Less Is More: A PostgreSQL Query Optimized from Minutes to Milliseconds

Published in

Flexport Engineering

10 min readMar 21, 2022

Introduction

Using more indexes does not always improve database performance. The “Less Is More” principle works in the database performance area. In this post, we’ll discuss our experience in optimizing a PostgreSQL query to make it thousands of times faster, taking it from a few minutes to a few milliseconds, by using less indexes.

Problem

The Flexport platform lets Flexport customers, operators, and other users send messages within our applications. The messages table, which acts as basic content storage for this feature, has millions of rows in a PostgreSQL database on AWS Aurora.

The main query on this table is usually very fast, but recently it started recording intermittent timeouts. The slow query was not only harming one particular page user experience, but also as a side effect, the slow query was impacting other database operations and parts of the application.
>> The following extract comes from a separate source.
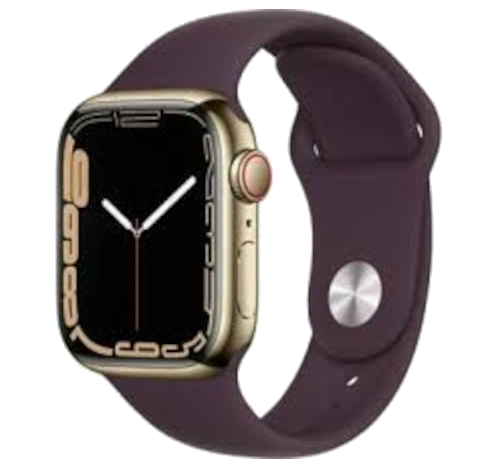 Apple Watch Series 7 41mm Graphite Stainless Steel Case with Milanese Loop A2475 GPS Cellular watch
The query looks like this:

The query uses some PostgreSQL-specific syntax. So, what does this query mean?

The @> symbol is PostgreSQL’s containment operator. The official documentation provides a great explanation, but in short it tests if its left-hand side “contains” its right-hand side. The operator can be applied to structural types like array, range, or JSONB (a binary representation of JSON in PostgreSQL).

The messages table has a number-typed “id” column, a JSONB-typed “context” column and some other columns. The JSONB object in the “context” column contains properties to describe a message, e.g., the “topic” property describes the topic of the message and the “involved_parties” property describes the list of legal entities allowed to view the message.

There are two indexes related to the “context” column:

A GIN index on the “context” column.
A BTREE expression index on jsonb_extract_path_text(context, ‘topic’).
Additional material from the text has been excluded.